▶ EXERCISE OBJECTIVE
Could you print every line from the first one of the records below through the line containing "Ladies Evil with Rose t shirt vector graphic Ladies", with both included and nothing else?

Scraped caption text data
·····
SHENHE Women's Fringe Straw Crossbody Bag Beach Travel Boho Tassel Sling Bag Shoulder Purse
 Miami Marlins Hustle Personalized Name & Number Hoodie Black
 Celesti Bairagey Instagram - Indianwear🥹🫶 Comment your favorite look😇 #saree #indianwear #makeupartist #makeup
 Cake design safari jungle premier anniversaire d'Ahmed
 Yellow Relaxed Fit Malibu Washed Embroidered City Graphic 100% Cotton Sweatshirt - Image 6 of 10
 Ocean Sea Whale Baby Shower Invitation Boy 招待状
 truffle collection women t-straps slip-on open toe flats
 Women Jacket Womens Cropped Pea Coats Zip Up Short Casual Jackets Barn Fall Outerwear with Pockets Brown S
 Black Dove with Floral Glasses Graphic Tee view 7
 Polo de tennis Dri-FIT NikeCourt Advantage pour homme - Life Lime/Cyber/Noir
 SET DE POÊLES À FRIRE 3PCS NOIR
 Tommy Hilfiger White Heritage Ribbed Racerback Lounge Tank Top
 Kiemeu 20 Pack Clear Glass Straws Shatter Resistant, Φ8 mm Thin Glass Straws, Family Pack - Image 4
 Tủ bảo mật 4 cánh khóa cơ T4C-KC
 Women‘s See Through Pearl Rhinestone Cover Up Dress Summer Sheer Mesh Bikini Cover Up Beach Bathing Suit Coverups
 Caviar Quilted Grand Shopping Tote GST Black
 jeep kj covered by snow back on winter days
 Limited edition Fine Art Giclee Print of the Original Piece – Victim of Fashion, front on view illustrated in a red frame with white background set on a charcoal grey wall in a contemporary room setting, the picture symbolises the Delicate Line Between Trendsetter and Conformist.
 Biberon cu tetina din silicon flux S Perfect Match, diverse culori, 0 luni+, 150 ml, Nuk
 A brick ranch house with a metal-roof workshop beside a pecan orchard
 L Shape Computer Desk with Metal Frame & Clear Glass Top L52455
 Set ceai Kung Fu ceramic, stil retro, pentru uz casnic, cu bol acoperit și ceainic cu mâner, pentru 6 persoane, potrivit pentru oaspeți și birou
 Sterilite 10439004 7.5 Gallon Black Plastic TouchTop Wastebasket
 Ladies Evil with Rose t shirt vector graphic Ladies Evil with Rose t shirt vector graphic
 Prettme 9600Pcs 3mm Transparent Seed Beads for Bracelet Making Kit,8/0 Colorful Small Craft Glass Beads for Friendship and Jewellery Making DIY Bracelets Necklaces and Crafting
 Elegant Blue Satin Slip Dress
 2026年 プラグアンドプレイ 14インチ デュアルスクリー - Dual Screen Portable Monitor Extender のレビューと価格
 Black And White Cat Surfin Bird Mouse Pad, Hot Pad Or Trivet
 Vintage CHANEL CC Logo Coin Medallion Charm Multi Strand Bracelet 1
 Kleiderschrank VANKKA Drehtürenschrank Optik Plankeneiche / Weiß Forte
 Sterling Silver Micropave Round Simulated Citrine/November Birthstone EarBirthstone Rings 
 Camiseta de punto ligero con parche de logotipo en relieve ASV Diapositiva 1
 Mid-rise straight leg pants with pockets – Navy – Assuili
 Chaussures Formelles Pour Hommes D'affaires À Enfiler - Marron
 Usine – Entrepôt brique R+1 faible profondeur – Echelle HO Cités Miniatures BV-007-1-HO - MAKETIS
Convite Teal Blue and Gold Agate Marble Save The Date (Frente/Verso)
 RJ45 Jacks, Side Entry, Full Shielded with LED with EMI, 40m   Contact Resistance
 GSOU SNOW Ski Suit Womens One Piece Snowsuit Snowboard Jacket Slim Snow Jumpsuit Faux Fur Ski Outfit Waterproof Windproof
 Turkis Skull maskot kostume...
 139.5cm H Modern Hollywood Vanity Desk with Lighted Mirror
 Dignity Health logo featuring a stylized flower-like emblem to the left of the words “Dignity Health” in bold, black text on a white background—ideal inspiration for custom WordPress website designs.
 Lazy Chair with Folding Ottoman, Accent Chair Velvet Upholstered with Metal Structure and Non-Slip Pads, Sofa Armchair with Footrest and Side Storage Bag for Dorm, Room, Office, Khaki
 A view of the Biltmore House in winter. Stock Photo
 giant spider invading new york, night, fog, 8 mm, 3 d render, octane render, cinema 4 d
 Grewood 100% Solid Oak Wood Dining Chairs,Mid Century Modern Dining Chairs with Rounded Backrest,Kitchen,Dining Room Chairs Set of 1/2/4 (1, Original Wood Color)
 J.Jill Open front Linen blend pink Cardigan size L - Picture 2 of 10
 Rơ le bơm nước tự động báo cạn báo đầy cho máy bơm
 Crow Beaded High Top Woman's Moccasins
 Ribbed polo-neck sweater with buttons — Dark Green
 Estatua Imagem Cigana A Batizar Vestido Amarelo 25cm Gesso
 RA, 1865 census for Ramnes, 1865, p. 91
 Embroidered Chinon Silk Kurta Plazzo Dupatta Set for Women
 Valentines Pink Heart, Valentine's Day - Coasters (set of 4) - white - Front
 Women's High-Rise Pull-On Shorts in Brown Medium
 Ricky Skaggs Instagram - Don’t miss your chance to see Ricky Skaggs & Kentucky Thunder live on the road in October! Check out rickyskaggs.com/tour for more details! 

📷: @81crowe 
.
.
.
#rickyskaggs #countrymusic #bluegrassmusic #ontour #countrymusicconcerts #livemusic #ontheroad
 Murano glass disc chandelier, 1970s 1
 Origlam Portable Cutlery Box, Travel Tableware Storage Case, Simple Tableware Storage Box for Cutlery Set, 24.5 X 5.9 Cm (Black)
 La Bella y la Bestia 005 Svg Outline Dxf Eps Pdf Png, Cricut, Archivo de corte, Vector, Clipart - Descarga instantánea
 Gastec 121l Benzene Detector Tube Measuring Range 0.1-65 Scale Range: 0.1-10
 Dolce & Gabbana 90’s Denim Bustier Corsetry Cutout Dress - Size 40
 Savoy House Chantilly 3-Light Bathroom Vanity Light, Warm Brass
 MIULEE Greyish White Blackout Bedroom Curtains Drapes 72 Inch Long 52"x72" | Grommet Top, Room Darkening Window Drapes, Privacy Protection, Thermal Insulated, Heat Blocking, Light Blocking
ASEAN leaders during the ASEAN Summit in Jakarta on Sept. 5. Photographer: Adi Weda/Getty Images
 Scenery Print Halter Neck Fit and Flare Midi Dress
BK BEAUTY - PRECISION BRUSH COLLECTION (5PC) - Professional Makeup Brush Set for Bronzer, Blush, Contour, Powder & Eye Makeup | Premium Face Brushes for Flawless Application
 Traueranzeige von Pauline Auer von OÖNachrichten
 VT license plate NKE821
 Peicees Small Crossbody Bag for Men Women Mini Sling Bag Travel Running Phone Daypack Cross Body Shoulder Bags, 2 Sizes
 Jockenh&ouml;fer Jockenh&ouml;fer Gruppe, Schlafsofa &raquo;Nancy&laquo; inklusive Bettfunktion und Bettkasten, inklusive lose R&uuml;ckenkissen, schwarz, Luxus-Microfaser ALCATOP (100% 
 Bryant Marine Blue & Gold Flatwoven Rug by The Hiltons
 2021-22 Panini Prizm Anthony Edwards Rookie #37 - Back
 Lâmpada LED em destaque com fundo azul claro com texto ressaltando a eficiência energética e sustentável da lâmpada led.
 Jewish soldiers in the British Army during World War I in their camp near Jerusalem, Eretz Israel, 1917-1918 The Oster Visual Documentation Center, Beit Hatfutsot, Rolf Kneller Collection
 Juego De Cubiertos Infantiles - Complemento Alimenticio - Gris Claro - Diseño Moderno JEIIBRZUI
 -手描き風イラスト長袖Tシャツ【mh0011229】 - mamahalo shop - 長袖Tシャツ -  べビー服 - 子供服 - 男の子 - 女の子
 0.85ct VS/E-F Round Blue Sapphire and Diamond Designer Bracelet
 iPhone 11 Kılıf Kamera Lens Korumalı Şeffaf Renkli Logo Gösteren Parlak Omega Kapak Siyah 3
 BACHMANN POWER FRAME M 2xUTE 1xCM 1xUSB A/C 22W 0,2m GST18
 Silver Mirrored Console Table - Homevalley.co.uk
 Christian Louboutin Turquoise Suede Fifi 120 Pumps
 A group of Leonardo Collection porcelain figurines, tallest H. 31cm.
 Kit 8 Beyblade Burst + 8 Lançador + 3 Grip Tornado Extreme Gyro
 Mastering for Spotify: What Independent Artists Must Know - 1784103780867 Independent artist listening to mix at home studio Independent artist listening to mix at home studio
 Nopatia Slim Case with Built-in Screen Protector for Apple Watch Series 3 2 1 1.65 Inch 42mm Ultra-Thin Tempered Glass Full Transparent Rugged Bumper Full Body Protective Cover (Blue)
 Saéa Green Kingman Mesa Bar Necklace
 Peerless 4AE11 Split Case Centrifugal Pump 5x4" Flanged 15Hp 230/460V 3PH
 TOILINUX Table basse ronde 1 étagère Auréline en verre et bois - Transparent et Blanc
·····
▶ YOUR RESPONSE
SHENHE Women's Fringe Straw Crossbody Bag Beach Travel Boho Tassel Sling Bag Shoulder Purse
 Miami Marlins Hustle Personalized Name & Number Hoodie Black
 Celesti Bairagey Instagram - Indianwear🥹🫶 Comment your favorite look😇 #saree #indianwear #makeupartist #makeup
 Cake design safari jungle premier anniversaire d'Ahmed
 Yellow Relaxed Fit Malibu Washed Embroidered City Graphic 100% Cotton Sweatshirt - Image 6 of 10
 Ocean Sea Whale Baby Shower Invitation Boy 招待状
 truffle collection women t-straps slip-on open toe flats
 Women Jacket Womens Cropped Pea Coats Zip Up Short Casual Jackets Barn Fall Outerwear with Pockets Brown S
 Black Dove with Floral Glasses Graphic Tee view 7
 Polo de tennis Dri-FIT NikeCourt Advantage pour homme - Life Lime/Cyber/Noir
 SET DE POÊLES À FRIRE 3PCS NOIR
 Tommy Hilfiger White Heritage Ribbed Racerback Lounge Tank Top
 Kiemeu 20 Pack Clear Glass Straws Shatter Resistant, Φ8 mm Thin Glass Straws, Family Pack - Image 4
 Tủ bảo mật 4 cánh khóa cơ T4C-KC
 Women‘s See Through Pearl Rhinestone Cover Up Dress Summer Sheer Mesh Bikini Cover Up Beach Bathing Suit Coverups
 Caviar Quilted Grand Shopping Tote GST Black
 jeep kj covered by snow back on winter days
 Limited edition Fine Art Giclee Print of the Original Piece – Victim of Fashion, front on view illustrated in a red frame with white background set on a charcoal grey wall in a contemporary room setting, the picture symbolises the Delicate Line Between Trendsetter and Conformist.
 Biberon cu tetina din silicon flux S Perfect Match, diverse culori, 0 luni+, 150 ml, Nuk
 A brick ranch house with a metal-roof workshop beside a pecan orchard
 L Shape Computer Desk with Metal Frame & Clear Glass Top L52455
 Set ceai Kung Fu ceramic, stil retro, pentru uz casnic, cu bol acoperit și ceainic cu mâner, pentru 6 persoane, potrivit pentru oaspeți și birou
 Sterilite 10439004 7.5 Gallon Black Plastic TouchTop Wastebasket
 Ladies Evil with Rose t shirt vector graphic Ladies Evil with Rose t shirt vector graphic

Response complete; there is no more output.